FIGS. 6 and 7 verify that by using a triangular shaped effective
transmission window to transmit precursor ion within the SWATH
precursor mass window, isotopes and product ions can be correlated
to their precursor ions within a tolerance level.
Systems for Identifying a Precursor Ion from a Product Ion
FIG. 8 is a schematic diagram showing a system 800 for identifying
a precursor ion of a product ion in a tandem mass spectrometry
experiment, in accordance with various embodiments. System 800
includes mass filter 810, fragmentation device 820, mass analyzer
830, and processor 840. In system 800, the mass filter, the
fragmentation device, and the mass analyzer are shown as different
stages of a quadrupole, for example. One of ordinary skill in the
art can appreciate that the mass filter, the fragmentation device,
and the mass analyzer can include, but are not limited to, one or
more of an ion trap, orbitrap, an ion mobility device, or a
time-of-flight (TOF) device.
Processor 840 can be, but is not limited to, a computer,
microprocessor, or any device capable of sending and receiving
control signals and data from a tandem mass spectrometer and
processing data. Processor 840 is in communication with mass filter
810 and mass analyzer 830.
Mass filter 810 steps a transmission window across a mass range.
The transmission window has a constant rate of precursor ion
transmission for each precursor ion.
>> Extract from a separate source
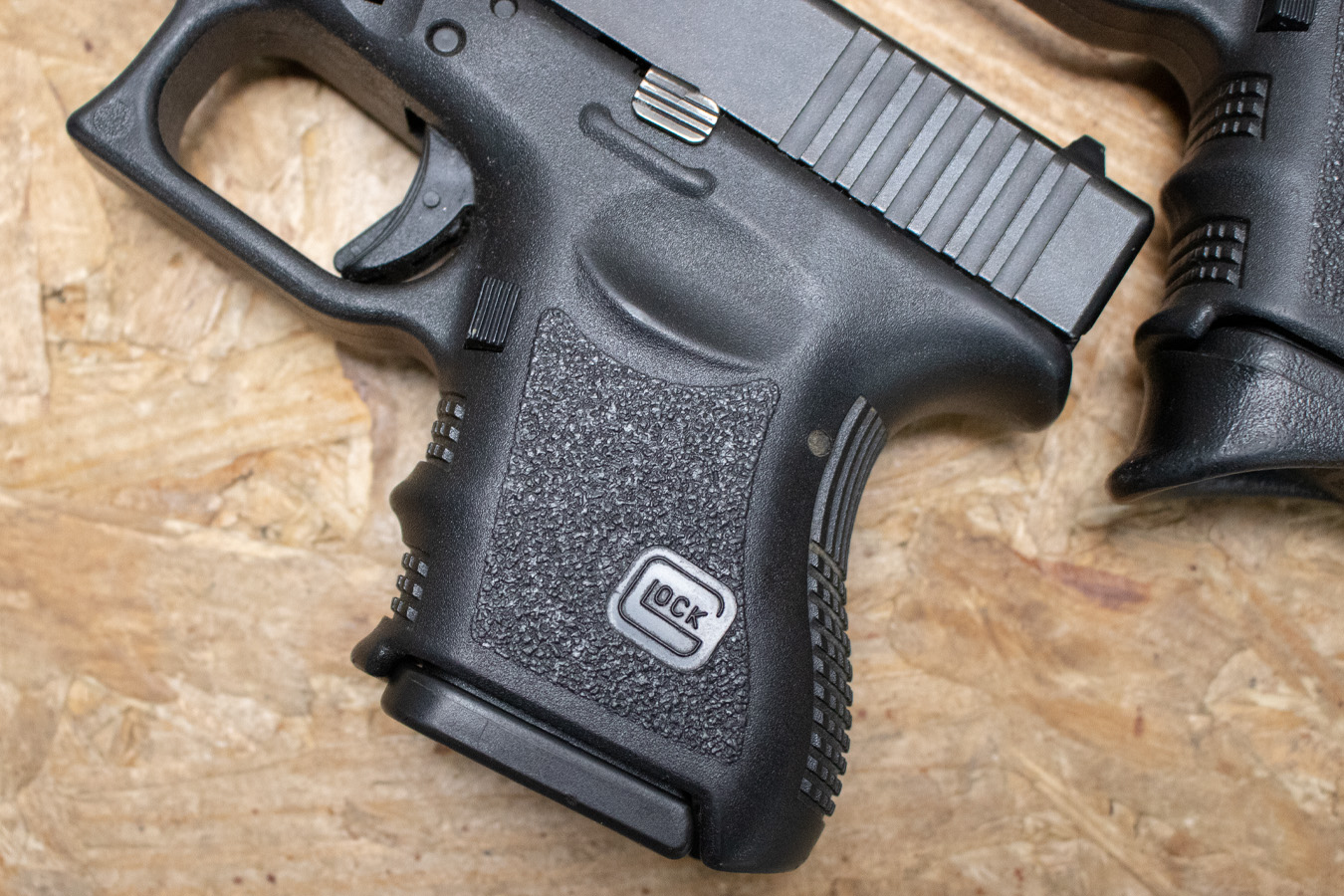 GLOCK 27 Gen3 40 S&W Police Trade-In Pistols (Very Good Condition)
Stepping the transmission
window produces a series of overlapping transmission windows across
the mass range.
Fragmentation device 820 fragments the precursor ions produced at
each step. Mass analyzer analyzes resulting product ions, producing
a product ion spectrum for each step of the transmission window and
a plurality of product ion spectra for the mass range.
Processor 840 receives the plurality of product ion spectra
produced by the series of overlapping transmission windows. For at
least one product ion of the plurality of product ion spectra,
processor 840 calculates a function that describes how an intensity
of the at least one product ion from the plurality of product ion
spectra varies with precursor ion mass as the transmission window
is stepped across the mass range. Processor 840 identifies a
precursor ion of the at least one product ion from the
function.
In various embodiments, processor 840 combines groups of product
ion spectra from the plurality of product ion spectra produced by
the series of overlapping transmission windows to produce a
function that describes how an intensity of the at least one
product ion per precursor ion from the plurality of combined
product ion spectra varies with precursor ion mass and that has a
shape that is non-constant with precursor mass. The shape comprises
a triangle, for example.
In various embodiments, processor 840 identifies a precursor ion of
the at least one product ion from the function by calculating a
parameter of a shape of the function. The parameter comprises a
center of gravity of the shape, for example.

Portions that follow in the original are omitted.